Some might say that folks would stay away from a film with an unfamiliar title such as one containing a holiday they know not of. To this, I say two things. Firstly, I went in wondering why not late August, or early August? What was so important about this particular lunch? Secondly, there were about four people in the theatre during a one week run at an art house theatre. They stayed away anyway.

Briefly: some folks just need to get away from their mothers to celebrate their holiday. Gianni Di Gregorio plays a (upper) middle-aged man who is down on his luck. He lives with his 93 year old mother in a condo. He is broke, and he is in debt. He hasn’t paid his electricity bill in three years and has to avoid being caught on the terrace so he can try and finagle his way out of paying (“I don’t use the terrace. I will not pay the fee!”).

Enter the building’s manager. He is also middle-aged, and his mother is also still very much alive (this film is full of quiet laughter at old men and older mothers). He needs to unload her for a time.

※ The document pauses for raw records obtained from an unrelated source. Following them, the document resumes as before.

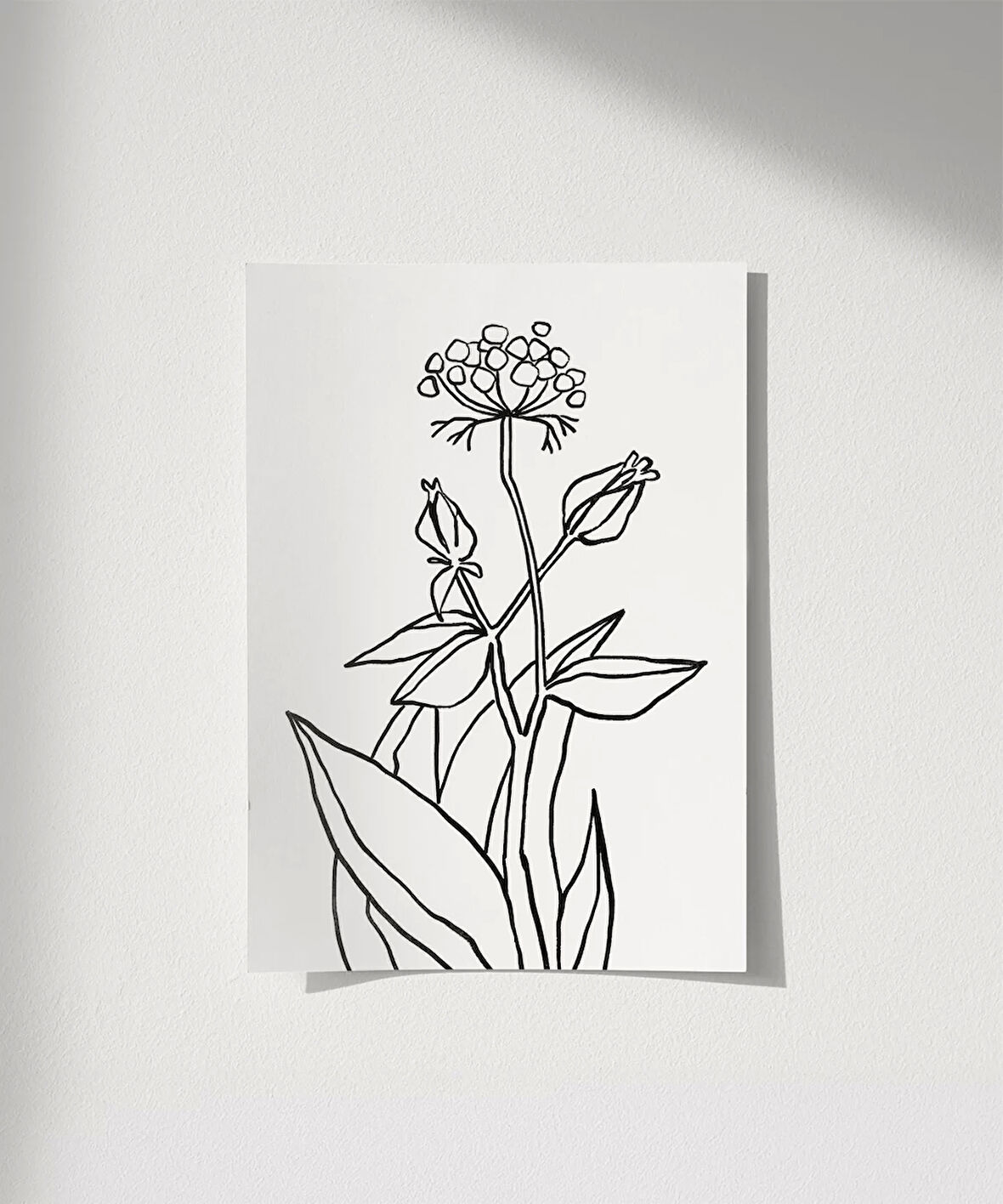 Çerçevesiz Poster Floral Detaylı Doğa Temalı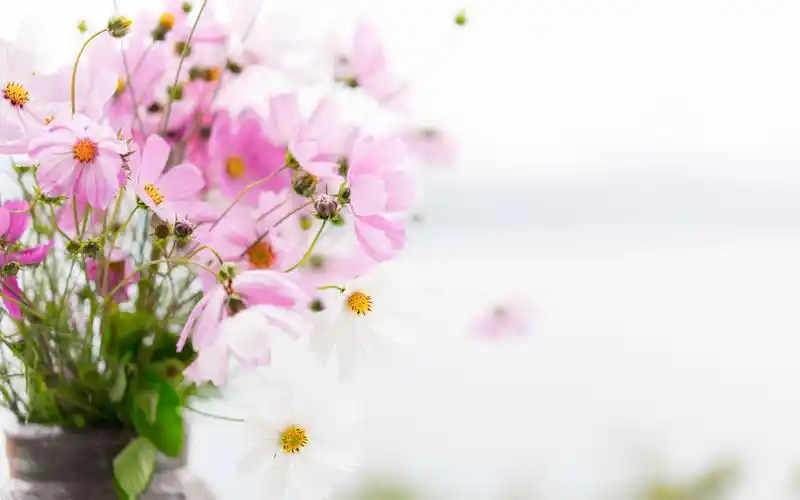 清新淡雅格桑花唯美图片桌面壁纸 - tt98图片网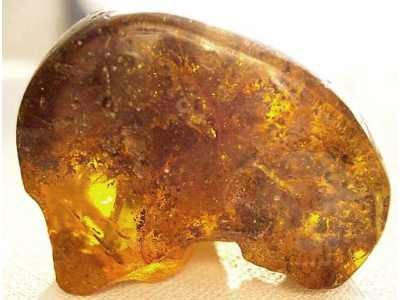 Elbląg, "złoto Bałtyku" www.wikipedia.pl Elbląg, "złoto Bałtyku" www.wikipedia.pl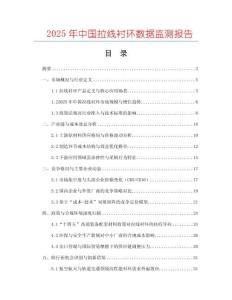 2025年中國拉線襯環數據監測報告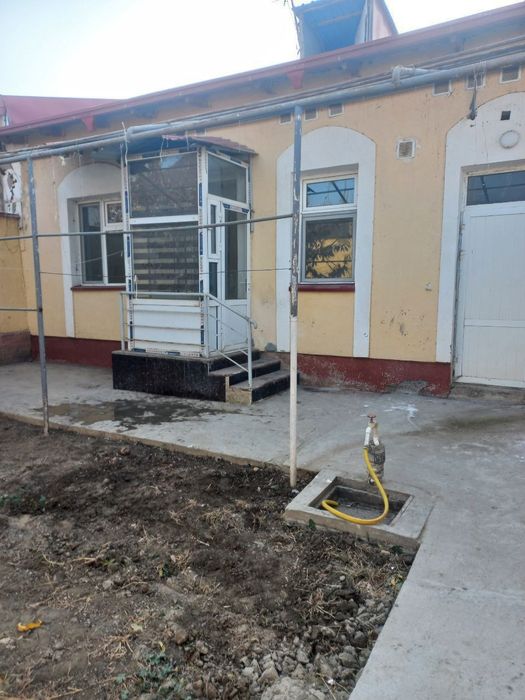 Kotej sotiladi savxo'z yo'lni yuzida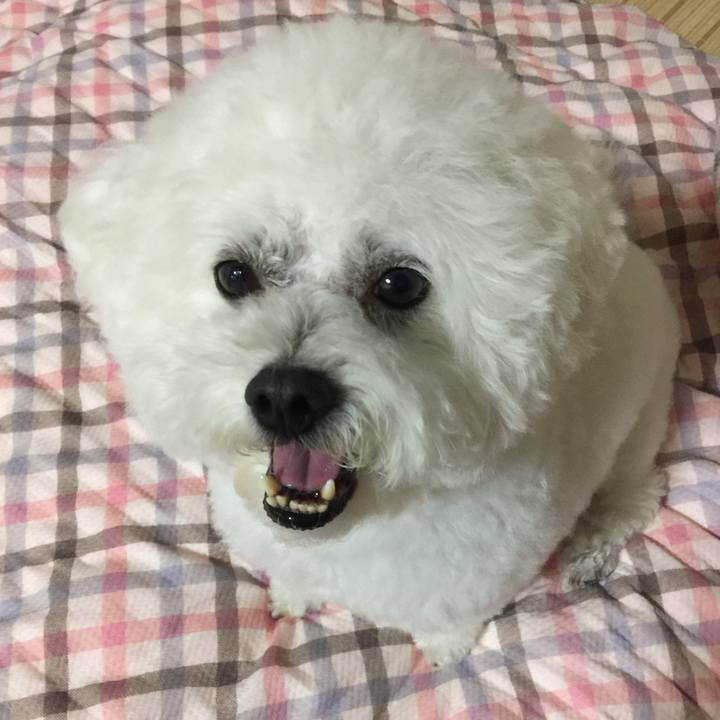 350c73c4 cef0 4076 acfd e34a0b80acc2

He can make Gianni’s condo problems disappear if Gianni can make his mother disappear for the weekend (not like murder or anything, I’m just trying to be clever—like, babysit her, I mean). He reluctantly agrees. Gianni’s mother agrees even more reluctantly. It turns out the middle-aged doctor has been given a night shift and his mother’s caretaker is gone also. You get the picture.

So we wind up with Gianni and four old ladies for this particular holiday…and that is what the film is about.

The film is wonderful in the small details. Gianni’s mother has skin that makes leather look soft. Gianni, constantly sipping wine, plays the part perfectly, with just the right hint of emotion when necessary. And the food:  there is plenty of delicious food here.

I enjoyed the ending very much, particularly a close up on the doctor’s mother’s face. It perfectly culminates the story of old folks, and how they can be so much like children…and the lessons in family, community, and feasting, that we can all learn.  And all in a slight 75 minutes.

NOTE: I saw this digitally. Not on film! YUCK!